**WHAT TO WORK ON**
The pictures in the listing below are to be skipped, while the lines between the line holding "CBS sportscaster Tracy" and the line holding "Close-up detail of", inclusive, are to be output exactly.
++++++++
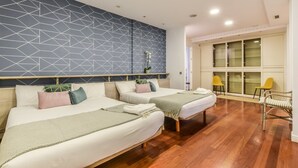 Ein Hotelzimmer mit zwei Betten, einem geometrischen Wanddesign, Holzböden und Blick auf einen Balkon mit Stühlen.
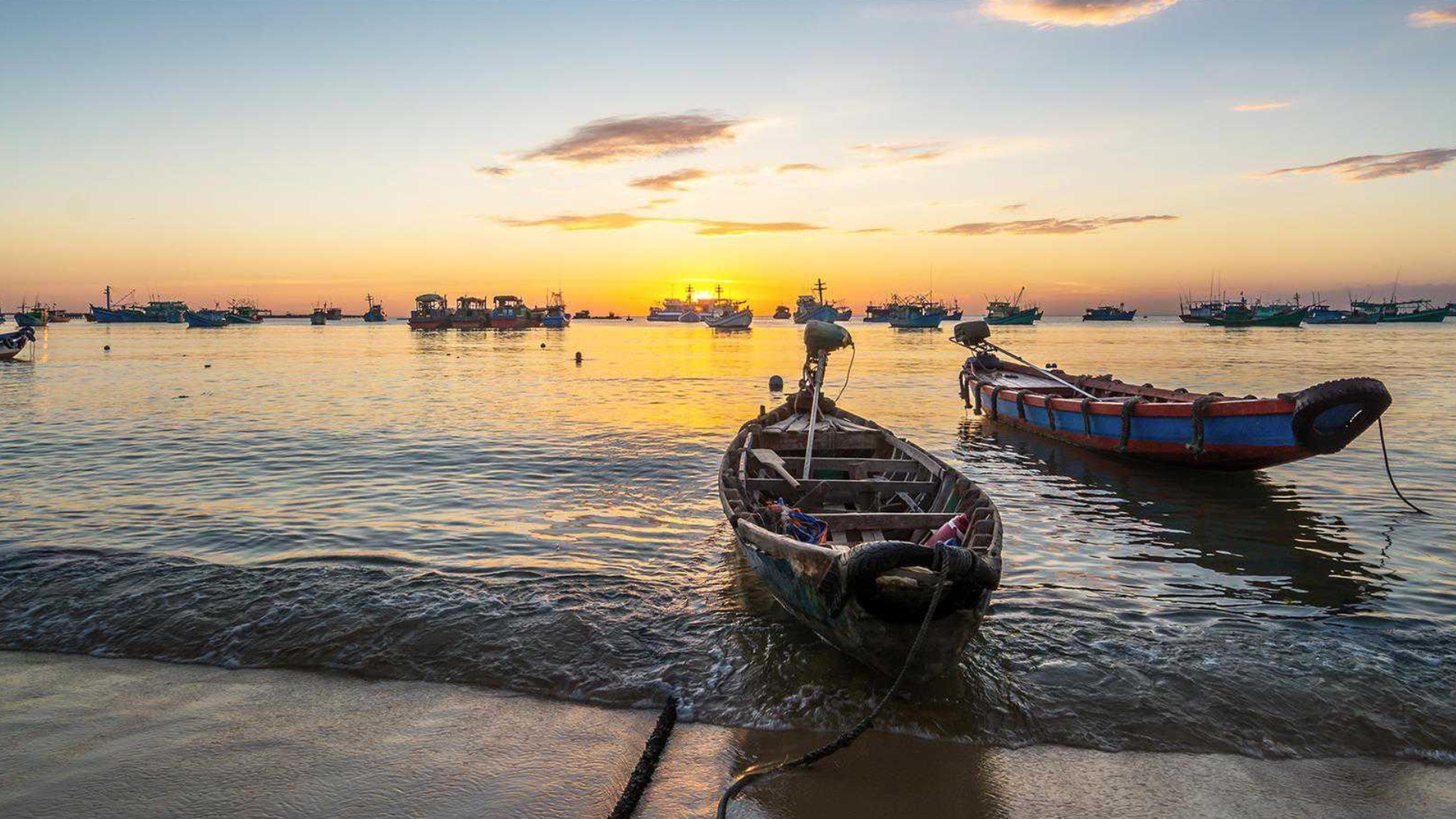 Barques de pêche traditionnelles sur le rivage de Phu Quoc sous un ciel doré de fin de journée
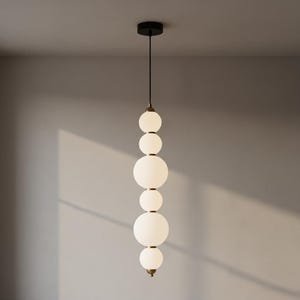 May include: A modern pendant light fixture with a black ceiling mount and a series of white, spherical glass shades. The shades are connected by brass-colored metal accents, creating a vertical, elongated design. The light hangs from a black cord.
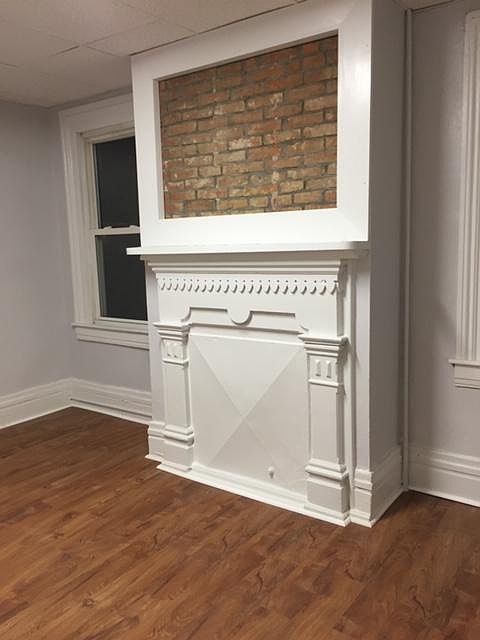 First floor bedroom with original fireplace feature and new floor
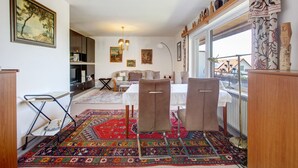 Een kamer met een eettafel, twee stoelen, een kamerkleed met patroon, een boekenkast en een groot raam.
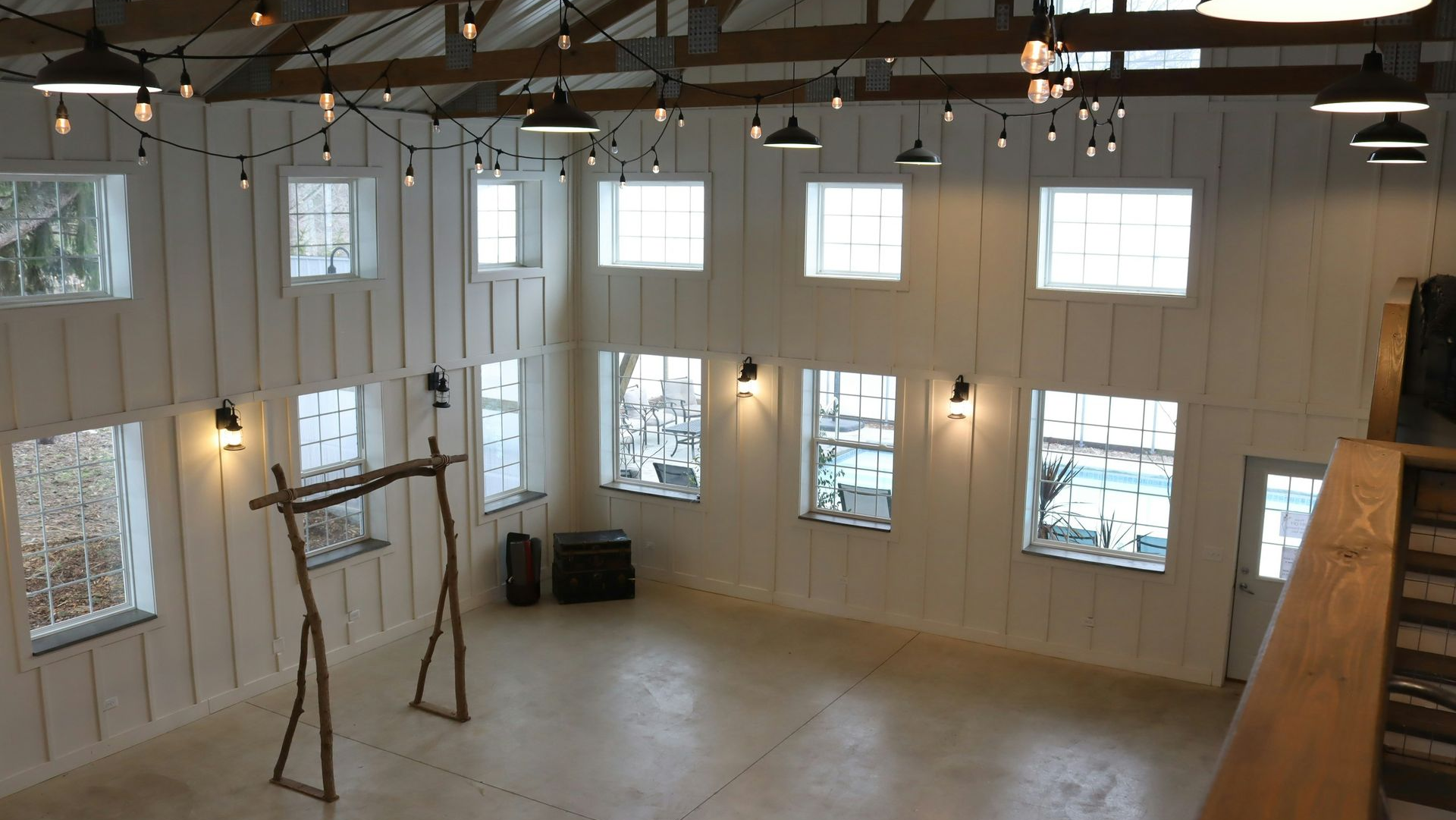 A bright, airy event space with white board-and-batten walls, hanging industrial lights, and large windows.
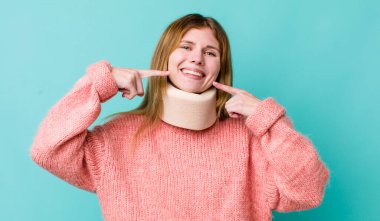 Kızıl saçlı, güzel bir kadın kendi gülüşünü işaret ediyor. kaza tasması konsepti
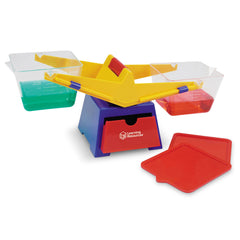 Learning Resources lids used as platforms with objects to extend balance experiments and creativity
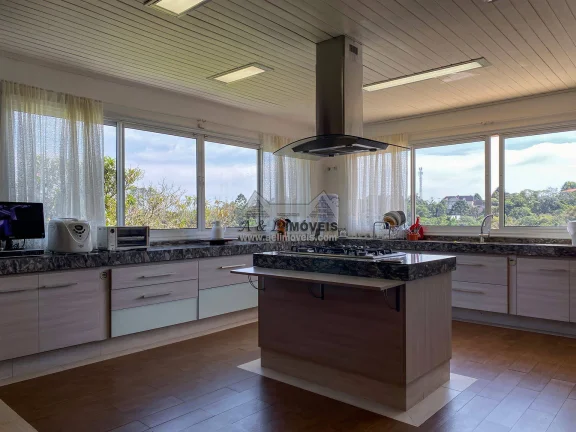 Imagem Casa à venda em Campos do Jordão – Casa com 06 suítes no Alto do Capivari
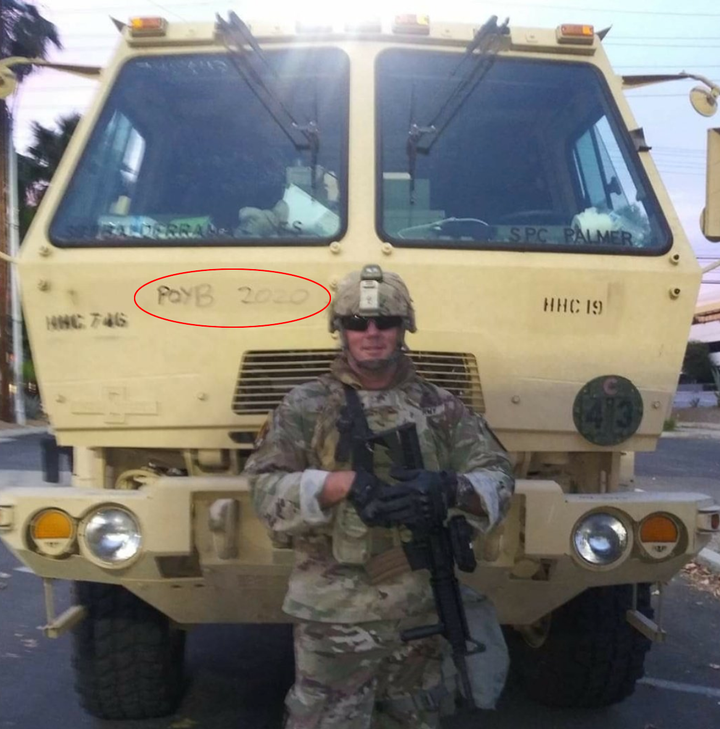 Sgt. Brian Jackson of the California National Guard posted this Facebook photo on June 2 while deployed to police Black Lives Matter protests in Los Angeles. It shows him standing in front of a military vehicle inscribed with a slogan for the Proud Boys, a neo-fascist group.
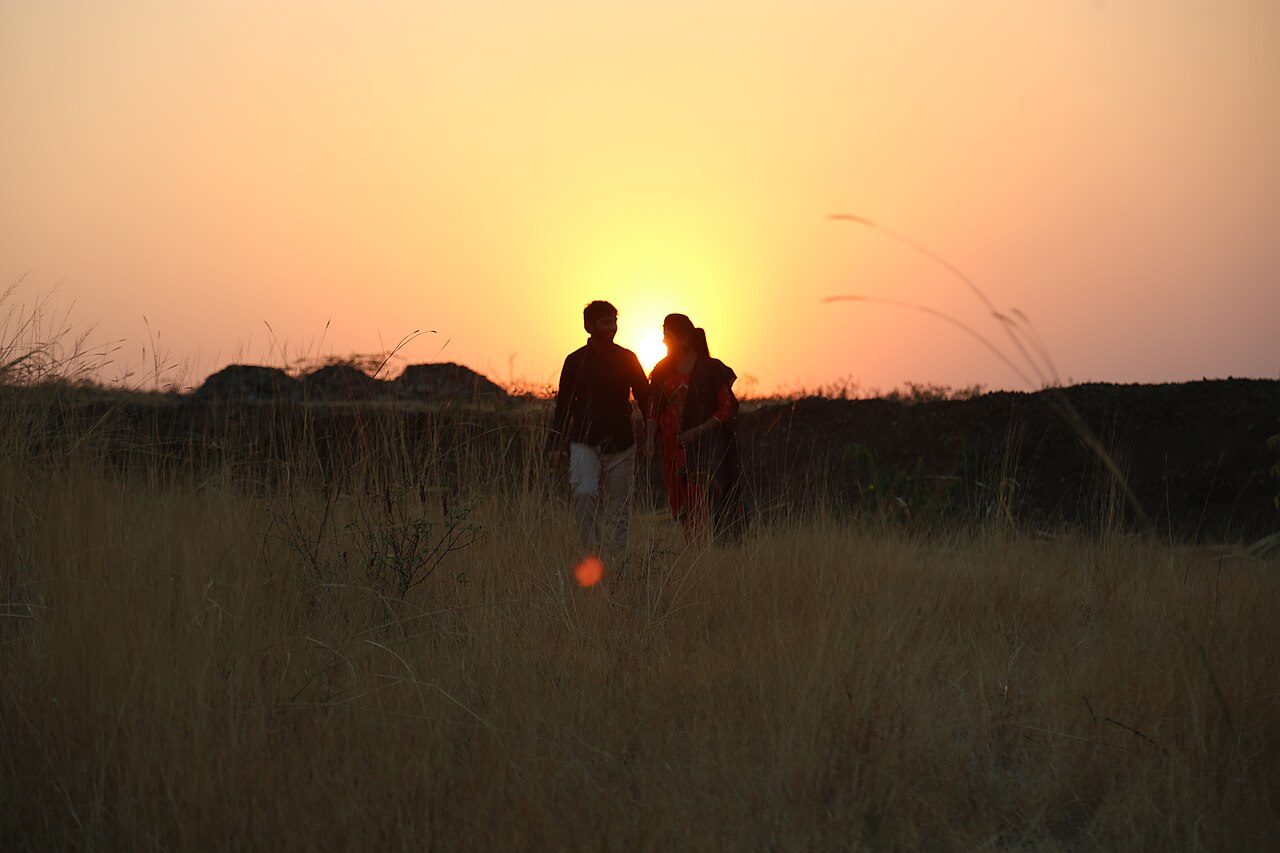A couple silhouetted against the sunset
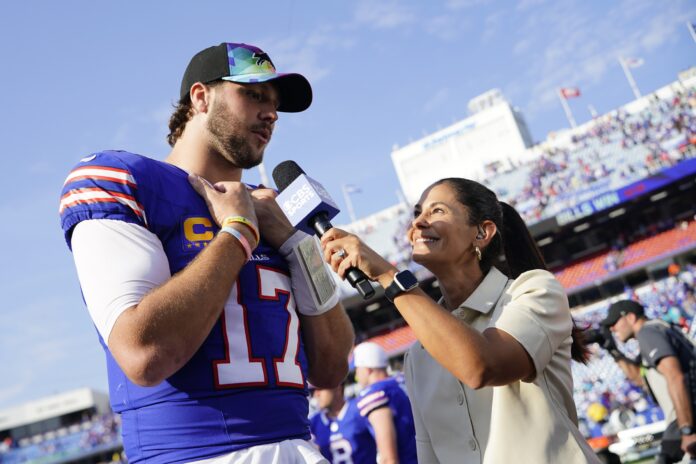 CBS sportscaster Tracy Wolfson interviews Buffalo Bills quarterback Josh Allen (17) after the game against the Miami Dolphins at Highmark Stadium.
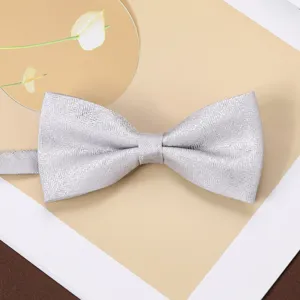 Close-up detail of a silver grey jacquard bow tie, elegant men's formal accessory.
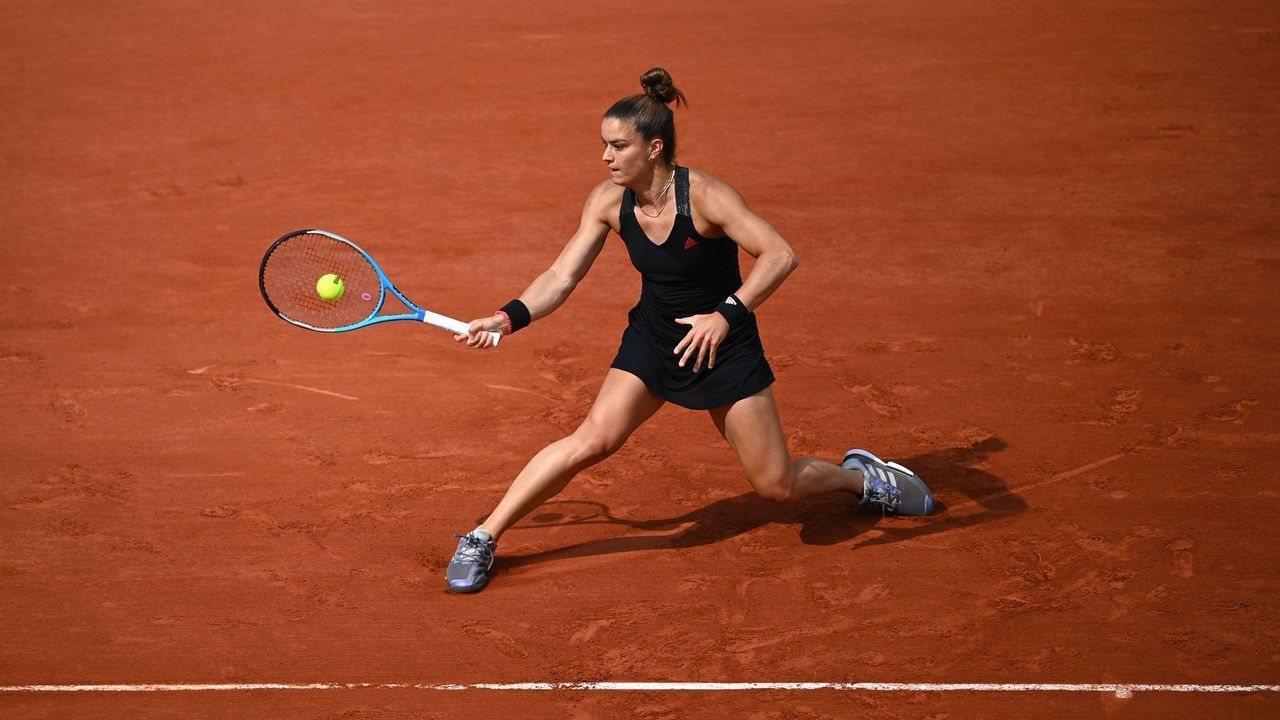 Greece's Maria Sakkari returns the ball to Sofia Kenin of the US during their women's singles fourth round tennis match on Day 9 of The Roland Garros 2021 French Open tennis tournament in Paris on June 7, 2021.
++++++++
**RESPONSE BELOW**
 CBS sportscaster Tracy Wolfson interviews Buffalo Bills quarterback Josh Allen (17) after the game against the Miami Dolphins at Highmark Stadium.
 Close-up detail of a silver grey jacquard bow tie, elegant men's formal accessory.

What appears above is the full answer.